§ Entries shown:
****************
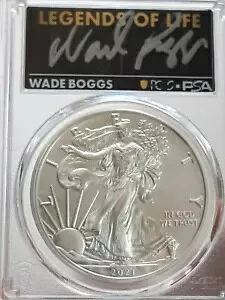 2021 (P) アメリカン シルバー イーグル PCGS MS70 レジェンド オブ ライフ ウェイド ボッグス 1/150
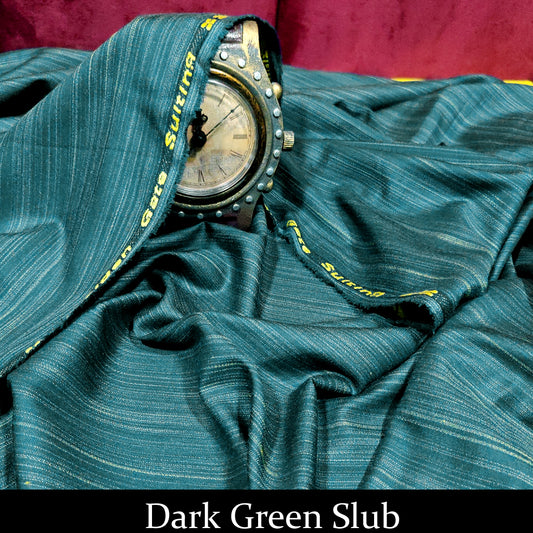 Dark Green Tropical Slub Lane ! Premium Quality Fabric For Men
****************
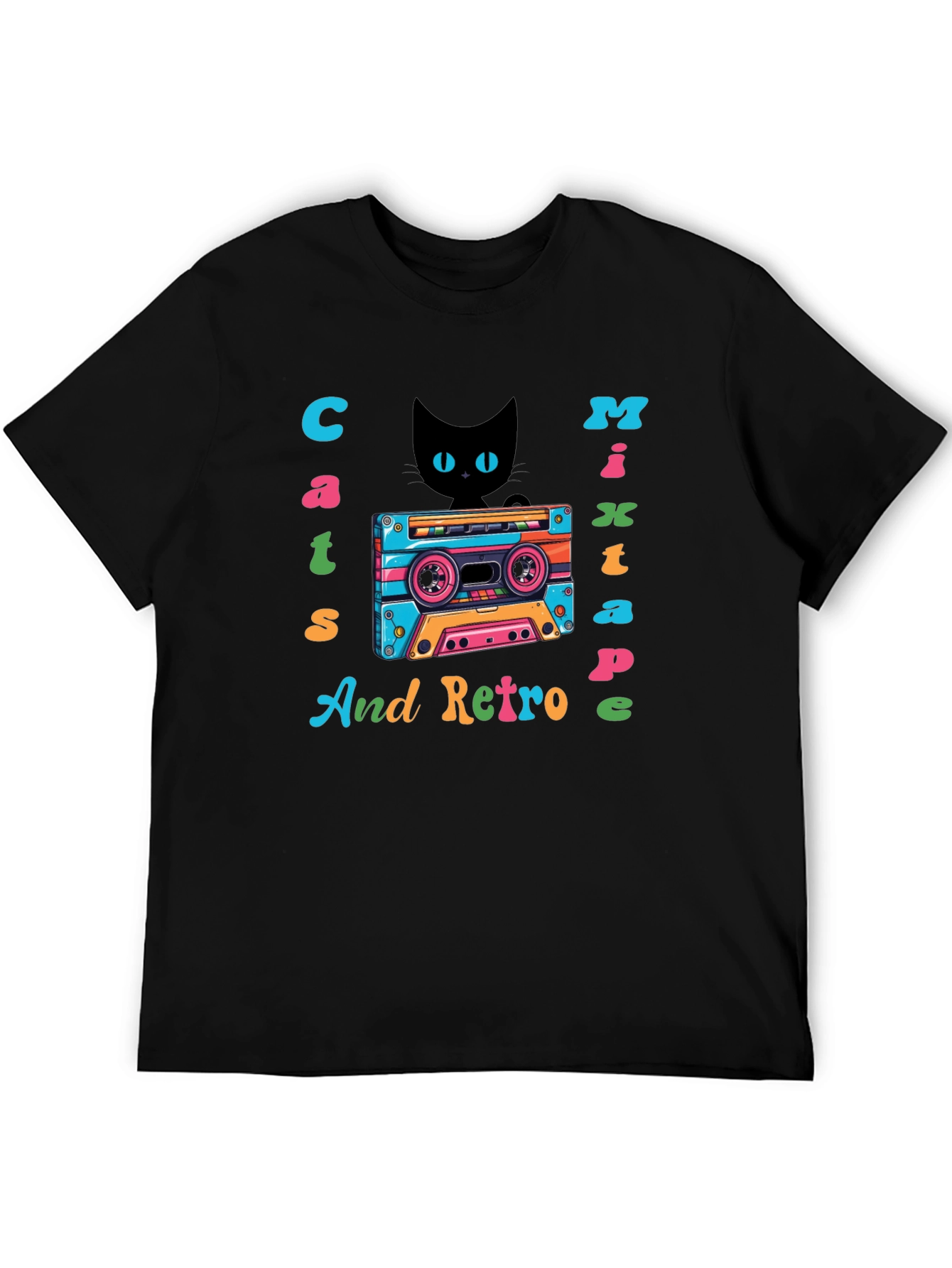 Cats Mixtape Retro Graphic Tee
****************
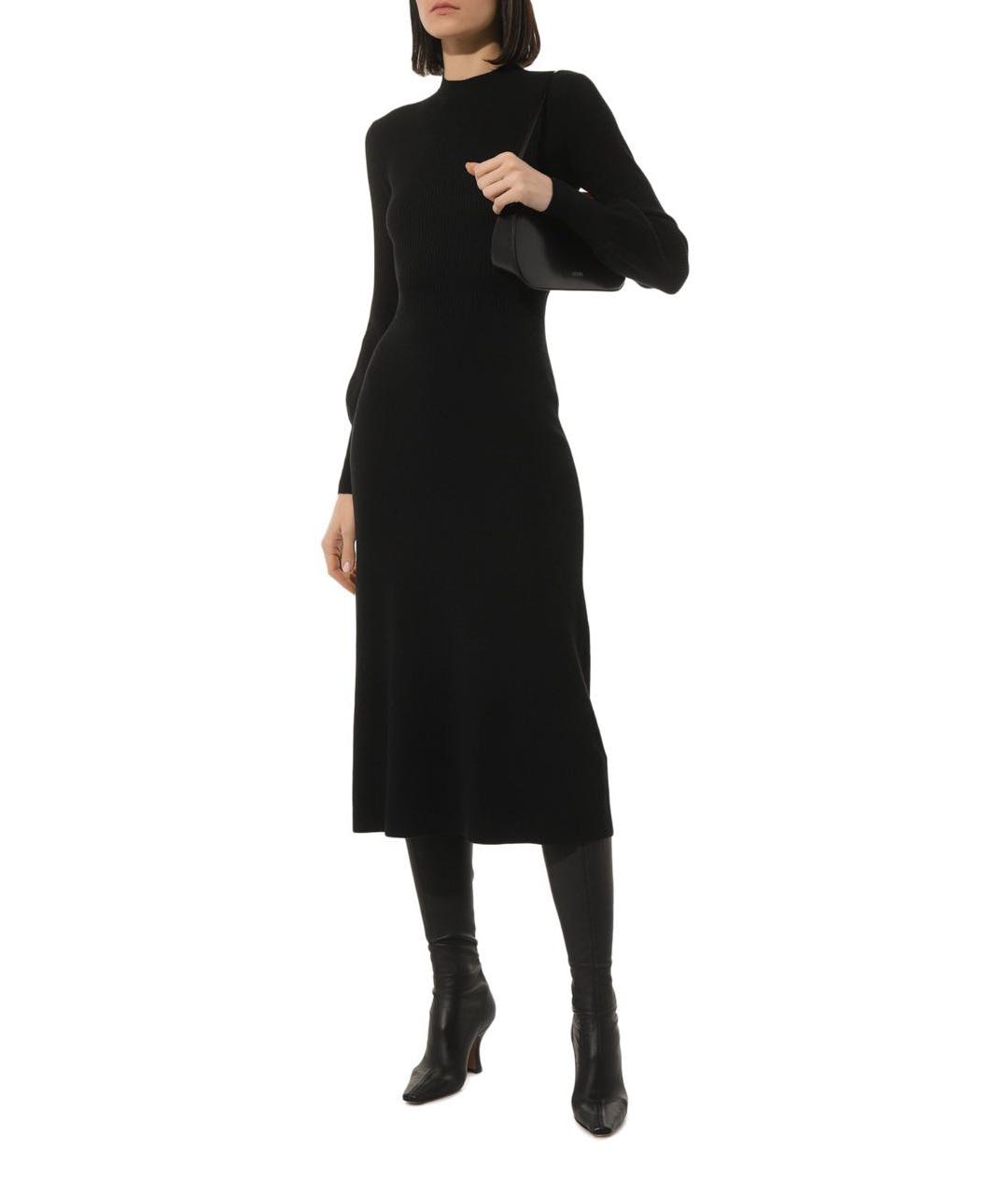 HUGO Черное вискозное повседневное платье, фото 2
****************
§ Task directions:
What's needed is an exact copy of the records above from the line containing "2021 (P) アメリカン" down to the line containing "Dark Green Tropical", both included, without any pictures.

§ Task answer:
 2021 (P) アメリカン シルバー イーグル PCGS MS70 レジェンド オブ ライフ ウェイド ボッグス 1/150
 Dark Green Tropical Slub Lane ! Premium Quality Fabric For Men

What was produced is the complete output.